# WHAT IS REQUIRED
Transcribe word for word the lines below from the line with "Londona Anglija 1980" through the line with "순서대로 아펜젤러, 언더우드, 헐버트, 스크랜튼, 마펫, 게일, 펜윅, 메켄지, 제임스", ends included.

# RECORDED INFORMATION
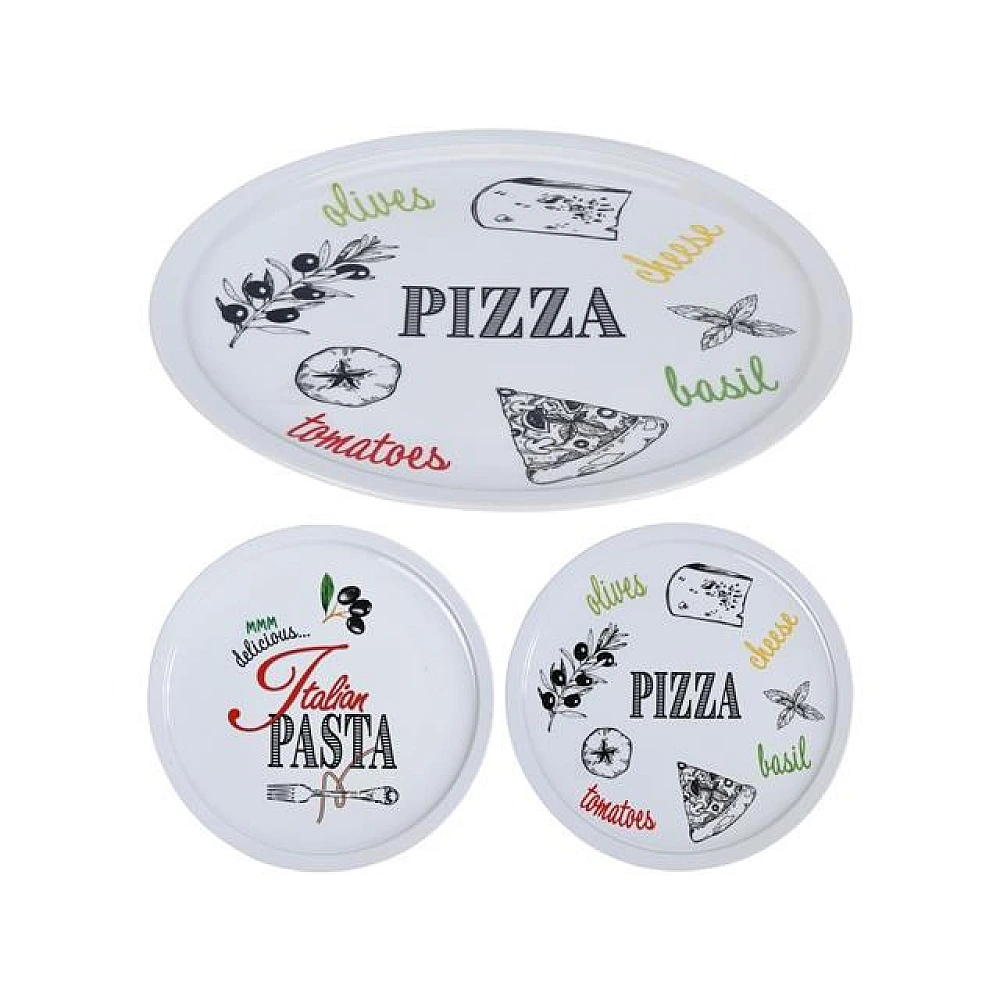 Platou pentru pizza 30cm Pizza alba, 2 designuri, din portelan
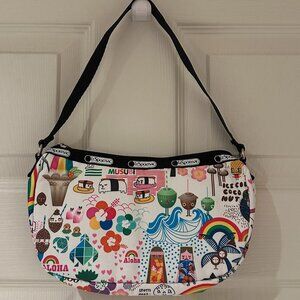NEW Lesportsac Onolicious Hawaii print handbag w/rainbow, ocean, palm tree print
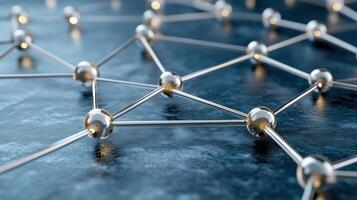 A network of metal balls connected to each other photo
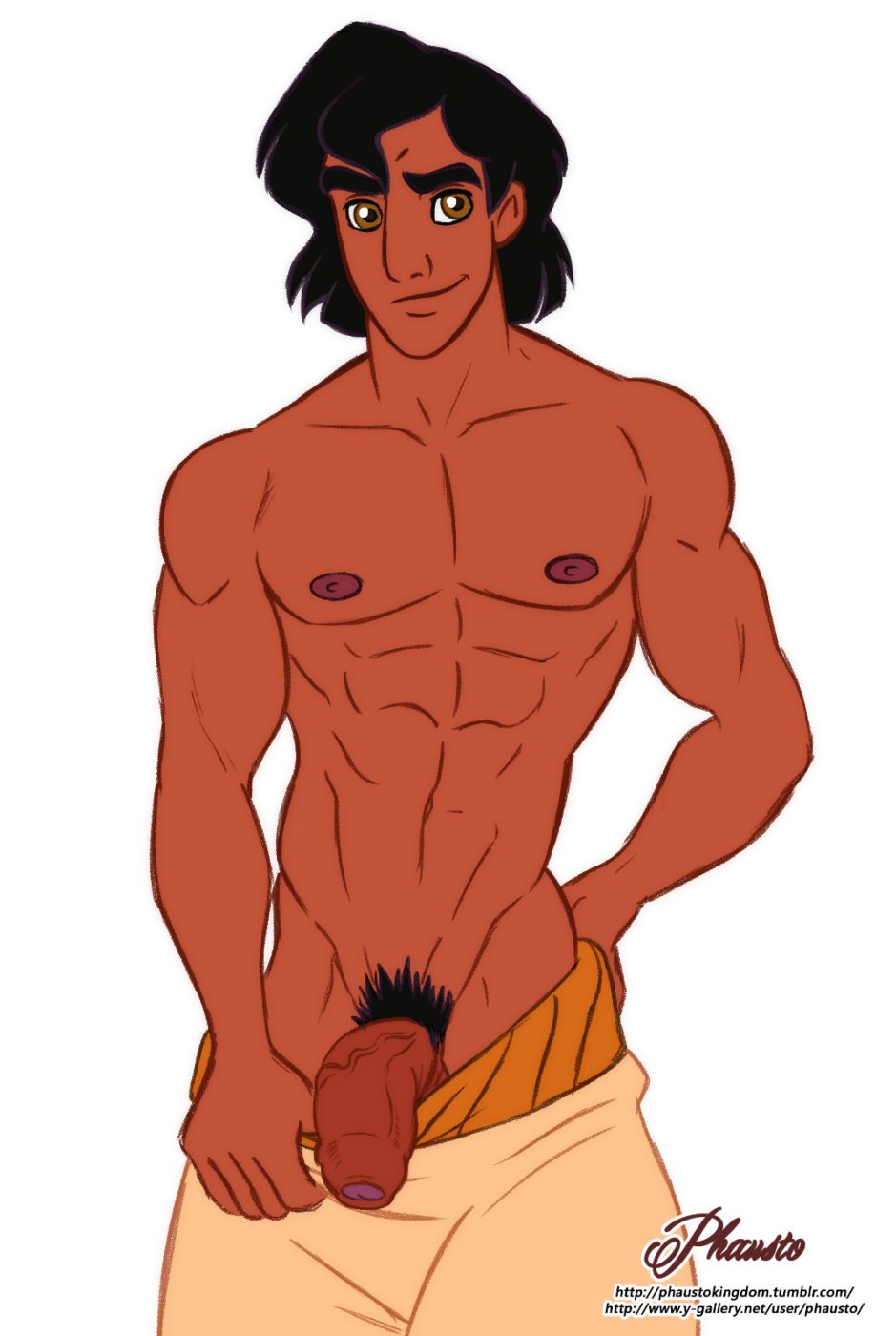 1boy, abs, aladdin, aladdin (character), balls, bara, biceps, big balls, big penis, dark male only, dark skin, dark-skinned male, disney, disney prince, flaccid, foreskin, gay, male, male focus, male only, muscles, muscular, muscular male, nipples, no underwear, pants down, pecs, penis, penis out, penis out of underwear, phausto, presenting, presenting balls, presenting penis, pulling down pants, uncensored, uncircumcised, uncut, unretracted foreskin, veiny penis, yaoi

* * *

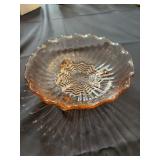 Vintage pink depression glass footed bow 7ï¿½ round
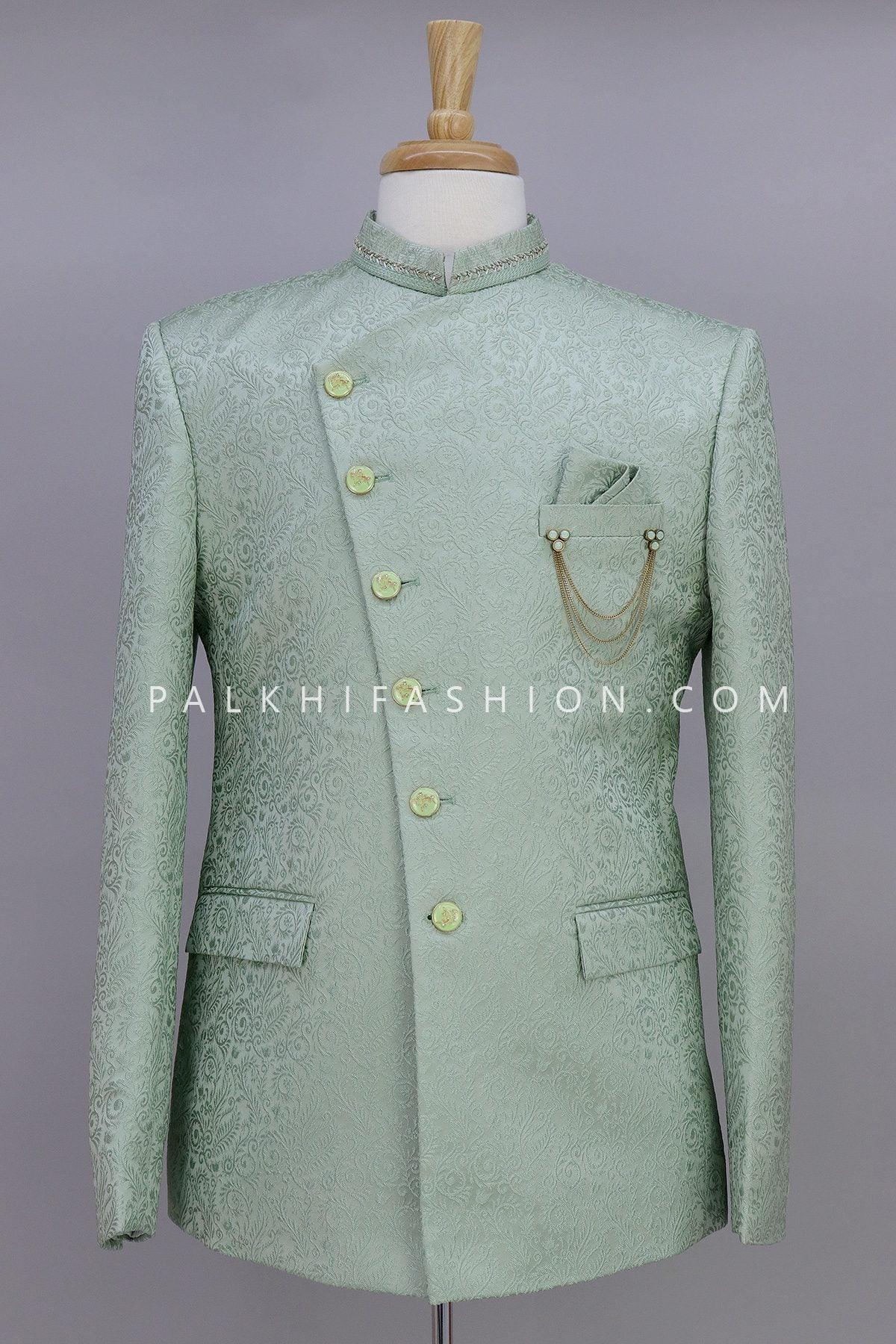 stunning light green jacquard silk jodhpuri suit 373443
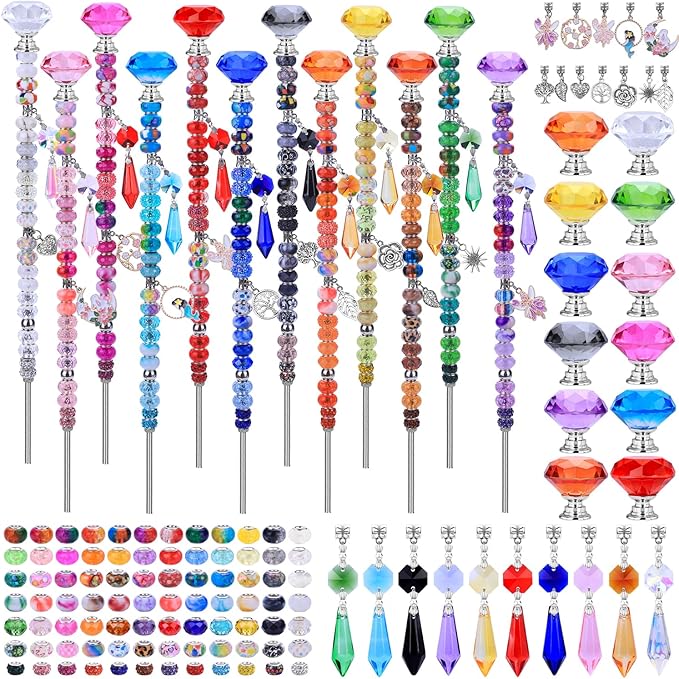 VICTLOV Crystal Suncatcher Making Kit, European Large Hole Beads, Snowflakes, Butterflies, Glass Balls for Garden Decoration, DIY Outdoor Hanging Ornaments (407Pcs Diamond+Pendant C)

---

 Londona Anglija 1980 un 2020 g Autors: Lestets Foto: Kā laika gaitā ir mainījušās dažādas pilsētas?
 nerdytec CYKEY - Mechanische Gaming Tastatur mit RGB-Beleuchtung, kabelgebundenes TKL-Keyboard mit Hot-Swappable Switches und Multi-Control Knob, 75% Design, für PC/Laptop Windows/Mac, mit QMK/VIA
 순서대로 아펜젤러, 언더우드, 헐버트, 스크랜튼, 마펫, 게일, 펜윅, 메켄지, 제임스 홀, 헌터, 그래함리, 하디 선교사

# RESULT BELOW
 Londona Anglija 1980 un 2020 g Autors: Lestets Foto: Kā laika gaitā ir mainījušās dažādas pilsētas?
 nerdytec CYKEY - Mechanische Gaming Tastatur mit RGB-Beleuchtung, kabelgebundenes TKL-Keyboard mit Hot-Swappable Switches und Multi-Control Knob, 75% Design, für PC/Laptop Windows/Mac, mit QMK/VIA
 순서대로 아펜젤러, 언더우드, 헐버트, 스크랜튼, 마펫, 게일, 펜윅, 메켄지, 제임스 홀, 헌터, 그래함리, 하디 선교사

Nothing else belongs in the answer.